Try it: Can you return the records below exactly as they stand, but only from the first line through the one with "Senior graduate hoisting diploma outside, portrait View"?

Data excerpts
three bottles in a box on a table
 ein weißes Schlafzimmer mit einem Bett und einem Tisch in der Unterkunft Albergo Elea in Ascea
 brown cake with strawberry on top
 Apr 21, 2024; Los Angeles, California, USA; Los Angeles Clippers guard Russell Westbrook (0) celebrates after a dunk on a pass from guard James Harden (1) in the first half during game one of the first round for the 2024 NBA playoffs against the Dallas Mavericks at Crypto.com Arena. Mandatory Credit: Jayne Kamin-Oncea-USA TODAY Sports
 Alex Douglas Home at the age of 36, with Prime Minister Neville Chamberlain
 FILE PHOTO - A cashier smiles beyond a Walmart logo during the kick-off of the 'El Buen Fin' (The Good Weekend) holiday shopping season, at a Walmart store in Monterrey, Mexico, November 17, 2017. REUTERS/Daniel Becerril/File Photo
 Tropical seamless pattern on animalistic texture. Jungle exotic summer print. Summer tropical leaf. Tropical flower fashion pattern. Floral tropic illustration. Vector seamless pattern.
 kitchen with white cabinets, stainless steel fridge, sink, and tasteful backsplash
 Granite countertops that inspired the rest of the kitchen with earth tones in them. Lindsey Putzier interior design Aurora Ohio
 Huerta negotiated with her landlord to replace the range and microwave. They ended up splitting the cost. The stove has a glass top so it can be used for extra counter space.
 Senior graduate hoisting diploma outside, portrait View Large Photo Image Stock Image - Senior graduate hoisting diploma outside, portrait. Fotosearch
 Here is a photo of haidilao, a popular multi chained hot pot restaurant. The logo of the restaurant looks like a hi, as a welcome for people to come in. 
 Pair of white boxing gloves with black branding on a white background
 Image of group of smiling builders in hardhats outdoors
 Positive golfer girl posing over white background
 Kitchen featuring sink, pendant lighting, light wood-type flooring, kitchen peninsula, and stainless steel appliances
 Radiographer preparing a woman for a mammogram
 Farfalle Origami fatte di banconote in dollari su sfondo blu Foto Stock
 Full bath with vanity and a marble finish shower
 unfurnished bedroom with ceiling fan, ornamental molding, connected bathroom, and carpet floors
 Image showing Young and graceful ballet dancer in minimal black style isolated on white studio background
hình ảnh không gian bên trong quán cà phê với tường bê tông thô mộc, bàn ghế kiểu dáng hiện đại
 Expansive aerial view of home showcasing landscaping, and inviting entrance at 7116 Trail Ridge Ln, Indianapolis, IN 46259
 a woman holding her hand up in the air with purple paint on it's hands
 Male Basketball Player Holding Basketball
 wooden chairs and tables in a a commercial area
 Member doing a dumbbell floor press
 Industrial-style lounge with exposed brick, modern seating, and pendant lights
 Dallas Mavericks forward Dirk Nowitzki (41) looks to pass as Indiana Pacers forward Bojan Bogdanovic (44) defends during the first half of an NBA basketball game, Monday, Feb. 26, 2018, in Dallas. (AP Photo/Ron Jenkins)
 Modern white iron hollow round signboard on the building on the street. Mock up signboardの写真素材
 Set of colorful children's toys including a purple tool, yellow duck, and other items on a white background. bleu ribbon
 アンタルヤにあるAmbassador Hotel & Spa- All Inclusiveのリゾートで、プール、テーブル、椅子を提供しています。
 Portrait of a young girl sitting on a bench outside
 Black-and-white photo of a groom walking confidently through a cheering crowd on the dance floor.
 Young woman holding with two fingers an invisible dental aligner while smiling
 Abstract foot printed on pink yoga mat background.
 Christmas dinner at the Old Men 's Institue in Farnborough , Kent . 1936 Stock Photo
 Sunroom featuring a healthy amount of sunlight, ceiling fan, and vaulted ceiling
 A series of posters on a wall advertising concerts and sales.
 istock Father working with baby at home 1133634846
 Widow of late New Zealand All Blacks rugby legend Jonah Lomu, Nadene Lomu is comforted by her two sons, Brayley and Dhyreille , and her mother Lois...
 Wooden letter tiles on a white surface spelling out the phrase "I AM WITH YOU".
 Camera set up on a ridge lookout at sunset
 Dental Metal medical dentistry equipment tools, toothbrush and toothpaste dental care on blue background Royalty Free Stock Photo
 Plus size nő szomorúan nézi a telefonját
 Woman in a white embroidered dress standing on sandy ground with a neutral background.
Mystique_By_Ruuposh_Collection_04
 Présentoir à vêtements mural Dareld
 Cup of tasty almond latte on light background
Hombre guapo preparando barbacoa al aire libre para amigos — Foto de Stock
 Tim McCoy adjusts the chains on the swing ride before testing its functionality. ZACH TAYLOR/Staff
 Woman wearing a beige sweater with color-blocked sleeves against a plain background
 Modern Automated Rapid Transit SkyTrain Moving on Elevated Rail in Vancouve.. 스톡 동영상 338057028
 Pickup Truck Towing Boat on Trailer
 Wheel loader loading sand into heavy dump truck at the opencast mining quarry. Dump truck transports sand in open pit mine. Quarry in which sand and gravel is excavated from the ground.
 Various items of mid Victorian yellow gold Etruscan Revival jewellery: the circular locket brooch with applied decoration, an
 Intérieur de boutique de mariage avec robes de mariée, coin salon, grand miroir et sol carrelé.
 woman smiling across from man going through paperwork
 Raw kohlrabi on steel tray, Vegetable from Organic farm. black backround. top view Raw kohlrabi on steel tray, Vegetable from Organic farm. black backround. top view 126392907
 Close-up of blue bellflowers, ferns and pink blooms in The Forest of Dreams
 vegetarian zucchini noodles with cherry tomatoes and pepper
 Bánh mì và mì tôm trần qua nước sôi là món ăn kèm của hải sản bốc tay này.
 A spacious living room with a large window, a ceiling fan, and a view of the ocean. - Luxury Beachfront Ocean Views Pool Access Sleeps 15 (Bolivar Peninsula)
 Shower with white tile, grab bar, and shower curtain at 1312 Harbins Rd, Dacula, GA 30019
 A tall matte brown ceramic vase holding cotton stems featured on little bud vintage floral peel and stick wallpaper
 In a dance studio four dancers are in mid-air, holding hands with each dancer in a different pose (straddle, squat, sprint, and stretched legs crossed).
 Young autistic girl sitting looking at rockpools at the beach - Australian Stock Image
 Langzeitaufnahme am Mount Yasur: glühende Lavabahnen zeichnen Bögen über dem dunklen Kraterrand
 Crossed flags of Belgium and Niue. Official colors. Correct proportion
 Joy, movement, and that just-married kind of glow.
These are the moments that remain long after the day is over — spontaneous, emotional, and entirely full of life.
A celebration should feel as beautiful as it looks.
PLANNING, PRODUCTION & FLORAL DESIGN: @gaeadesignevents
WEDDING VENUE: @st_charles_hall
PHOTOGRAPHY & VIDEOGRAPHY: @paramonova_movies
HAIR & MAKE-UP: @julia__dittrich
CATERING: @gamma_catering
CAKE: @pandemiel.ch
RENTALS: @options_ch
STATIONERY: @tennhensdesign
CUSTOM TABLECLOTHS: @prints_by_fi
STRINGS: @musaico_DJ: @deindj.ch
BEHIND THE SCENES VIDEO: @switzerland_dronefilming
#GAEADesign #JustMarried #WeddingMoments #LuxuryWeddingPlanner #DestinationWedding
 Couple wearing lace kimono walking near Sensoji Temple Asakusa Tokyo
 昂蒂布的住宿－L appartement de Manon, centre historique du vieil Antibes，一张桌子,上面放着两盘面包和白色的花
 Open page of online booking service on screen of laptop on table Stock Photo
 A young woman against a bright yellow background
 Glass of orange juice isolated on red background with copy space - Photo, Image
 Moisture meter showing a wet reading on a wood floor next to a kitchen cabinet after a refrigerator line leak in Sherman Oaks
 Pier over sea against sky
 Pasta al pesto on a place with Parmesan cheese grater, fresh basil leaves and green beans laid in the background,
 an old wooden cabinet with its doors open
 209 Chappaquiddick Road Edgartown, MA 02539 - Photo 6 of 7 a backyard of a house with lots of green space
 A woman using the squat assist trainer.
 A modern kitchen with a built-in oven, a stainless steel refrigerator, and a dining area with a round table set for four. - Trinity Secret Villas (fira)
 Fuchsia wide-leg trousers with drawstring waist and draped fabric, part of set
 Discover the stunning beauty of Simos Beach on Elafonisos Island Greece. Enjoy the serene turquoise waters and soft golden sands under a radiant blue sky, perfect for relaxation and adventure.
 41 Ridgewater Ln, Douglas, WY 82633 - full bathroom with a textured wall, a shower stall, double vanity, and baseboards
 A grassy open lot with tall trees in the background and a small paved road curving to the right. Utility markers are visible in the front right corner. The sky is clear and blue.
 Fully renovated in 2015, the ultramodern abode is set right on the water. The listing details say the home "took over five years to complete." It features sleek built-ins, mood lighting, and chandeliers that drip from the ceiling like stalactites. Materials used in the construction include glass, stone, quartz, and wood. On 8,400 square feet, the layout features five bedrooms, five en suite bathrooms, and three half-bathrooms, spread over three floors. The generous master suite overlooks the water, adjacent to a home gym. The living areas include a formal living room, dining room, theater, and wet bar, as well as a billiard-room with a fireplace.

Exercise output:
three bottles in a box on a table
 ein weißes Schlafzimmer mit einem Bett und einem Tisch in der Unterkunft Albergo Elea in Ascea
 brown cake with strawberry on top
 Apr 21, 2024; Los Angeles, California, USA; Los Angeles Clippers guard Russell Westbrook (0) celebrates after a dunk on a pass from guard James Harden (1) in the first half during game one of the first round for the 2024 NBA playoffs against the Dallas Mavericks at Crypto.com Arena. Mandatory Credit: Jayne Kamin-Oncea-USA TODAY Sports
 Alex Douglas Home at the age of 36, with Prime Minister Neville Chamberlain
 FILE PHOTO - A cashier smiles beyond a Walmart logo during the kick-off of the 'El Buen Fin' (The Good Weekend) holiday shopping season, at a Walmart store in Monterrey, Mexico, November 17, 2017. REUTERS/Daniel Becerril/File Photo
 Tropical seamless pattern on animalistic texture. Jungle exotic summer print. Summer tropical leaf. Tropical flower fashion pattern. Floral tropic illustration. Vector seamless pattern.
 kitchen with white cabinets, stainless steel fridge, sink, and tasteful backsplash
 Granite countertops that inspired the rest of the kitchen with earth tones in them. Lindsey Putzier interior design Aurora Ohio
 Huerta negotiated with her landlord to replace the range and microwave. They ended up splitting the cost. The stove has a glass top so it can be used for extra counter space.
 Senior graduate hoisting diploma outside, portrait View Large Photo Image Stock Image - Senior graduate hoisting diploma outside, portrait. Fotosearch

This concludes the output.